For instance, Tesla eventually left Edison because of a disagreement over not AC, but money. Tesla suggested to Edison that he could improve the efficiency of some of Edison's electrical machinery and save him a lot of money. Edison thought this was intriguing and offered Tesla $50,000 if he could do it. After slaving for months, hardly sleeping, and eventually redesigning and installing automatic controls, he asked Edison for his reward. But he simply replied, "Tesla, you don't understand our American Humor." Though money was far from being dear to Tesla's heart, he considered this the final insult.


As Tesla's reputation grew, so did public preference for AC power. Startled by this and desperate, Edison began electrocuting animals in an attempt to scare people away from AC. He paid schoolboys to steal pets from neighbors, which were electrocuted and publicly displayed. He also sent an assistant on a road show that electrocuted calves and dogs. Edison simply said that he was "Westinghousing" the animals.

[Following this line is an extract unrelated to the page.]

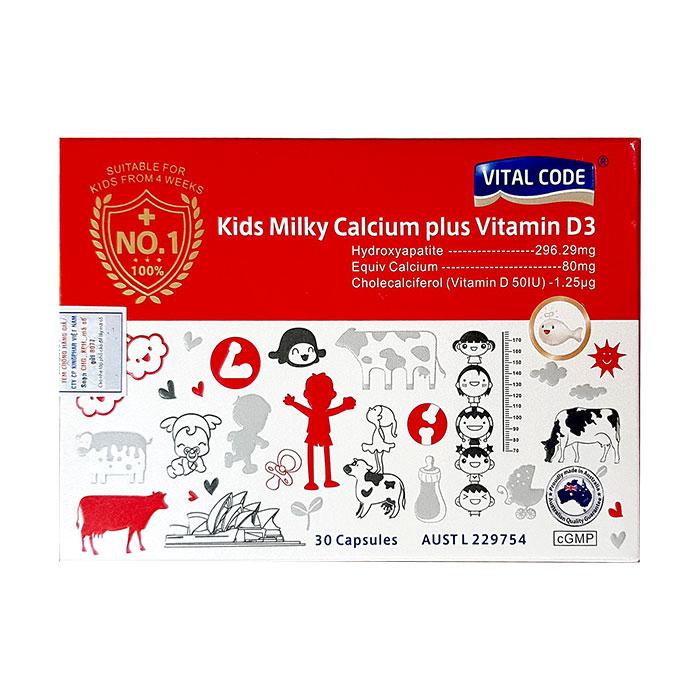 Viên uống bổ sung Canxi cho trẻ Vital Code Kids Milky Calcium Plus Vitamin D3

However, in a peculiar side note, DC had quite a different effect on New York's first man condemned to death by electrocution. Due to a miscalculation by one of Edison's engineers, the current was too week, and the condemned man was only 'half-killed.'

 

Nikola Tesla never married. Indeed he was against the notion of a married inventor. He remarked, "an inventor has so intense a nature with su much in it of wild, passionate quality, that in giving himself to a woman he might love, he would give everything from his chosen field. I do not think you can name many great inventions that have been made by married men."

 

A few years after the death of his most beloved pigeon, Nikola Tesla died, literally penniless, in 1943.